Dodgy machine? Not our problem, shrugs Metlink
November 4, 2009 - 12:02AM
IF YOUR tram's ticket validators are broken, the directive from the Government's transport marketing agency is simple: buy a new ticket, or get off.
That's what Muru Gappan was told when ticket inspectors handed him a $172 fine in September.
Mr Gappan, an IT worker, boarded a tram in Glen Huntly and tried to use his multi-trip ticket. After trying two validators, he gave up.
Soon after, ticket inspectors boarded and demanded to see his ticket. Mr Gappan explained that the machines had failed.
Asked why he had not then bought a ticket on board, Mr Gappan said his ticket should have worked, and that his only cash was notes [tram ticket machines take only coins].
The inspectors, who Mr Gappan said told him he should have asked other passengers for change, took his ticket. He hasn't got it back, but he does have a $172 infringement notice. He has until next Friday to pay, but says he won't.
''The public transport system in Melbourne puts the blame entirely on the passenger, who is deemed guilty until proven innocent,'' Mr Gappan said.
He has written to Public Transport Minister Lynne Kosky, her department and transport marketing agency Metlink.
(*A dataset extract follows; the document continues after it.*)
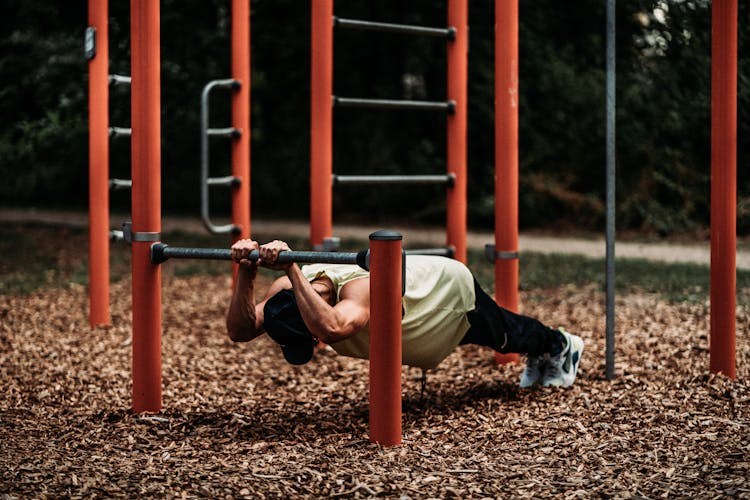 A Man Doing Pull Ups Exercise On Steel Bar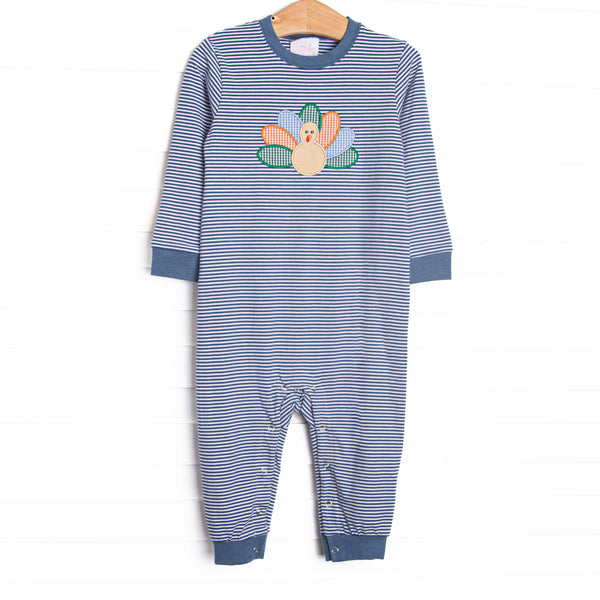 This romper features a navy striped knit material, snaps on the stride, and a turkey applique.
A Metlink officer told him he should have taken ''all reasonable steps'' to ensure he had a valid ticket. This meant buying a new ticket or getting off.
''A customer may decide to purchase a Metcard from the automated ticketing machine on board the tram, or if that option is not viable the customer should exit the tram,'' the officer said in an email.
Metlink head Bernie Carolan said the response to Mr Gappan would be reviewed. ''If a person attempts to validate their ticket, and there is evidence of faulty equipment or the like, I would normally suggest they should be entitled to continue their journey,'' he said.
Public Transport Users Association president Daniel Bowen pointed to a 2006 Metlink campaign titled ''BATBYGOBSTOPL'' - an acronym for ''Buying A Ticket Before You Get On Board Saves Time Or Problems Later''.
''This case shows it simply isn't true,'' he said.